While presenting, Amitabh Kumar highlighted the methodology of CSR’s Crisis Intervention Centres. He stressed upon the fact that CSR’s fight against gender-based violence involves not only direct assistance to individuals (such as free psychological counselling, skill training, medical treatment and legal advice), but also sensitization and mobilisation of entire communities. With this, men and boys are directly involved in the movement to end violence as CSR believes that fighting for gender justice is a responsibility of all. Next to this, CSR networks with local
NGOs, community-based organisations and service providers to make the assistance to women and girls as efficient as possible. On the second day of the conference, Aimee Thompson (Close to Home of Boston, United States), Cristy
Trewartha (Hearth Movement, Wellington, New Zealand), Lori Michau (Raising Voices, Kampala, Uganda) made similar pleas for community based approaches to prevent and to act on intimate partner violence.

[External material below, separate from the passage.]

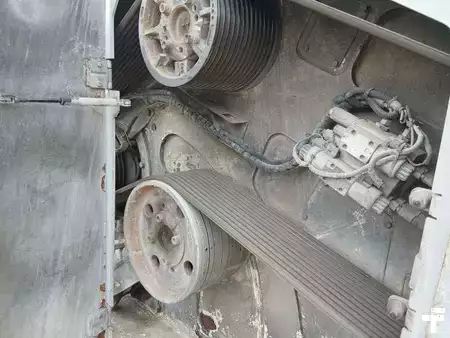 Stabilizatory gruntu 2012 WIRTGEN WR240I (23)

“It was an inspiring experience to have a dialogue with such amazing leaders of the movement from across the globe. Look forward to implementing the learnings in India,” said Amitabh Kumar.

We are glad to see that more and more people are coming together to talk about the issue of intimate partner violence and are highly motivated to support each other’s initiatives. As the conference illustrated, it can no longer be ignored or treated as a “private matter”. Violence against women concerns everyone, regardless of who the perpetrator is.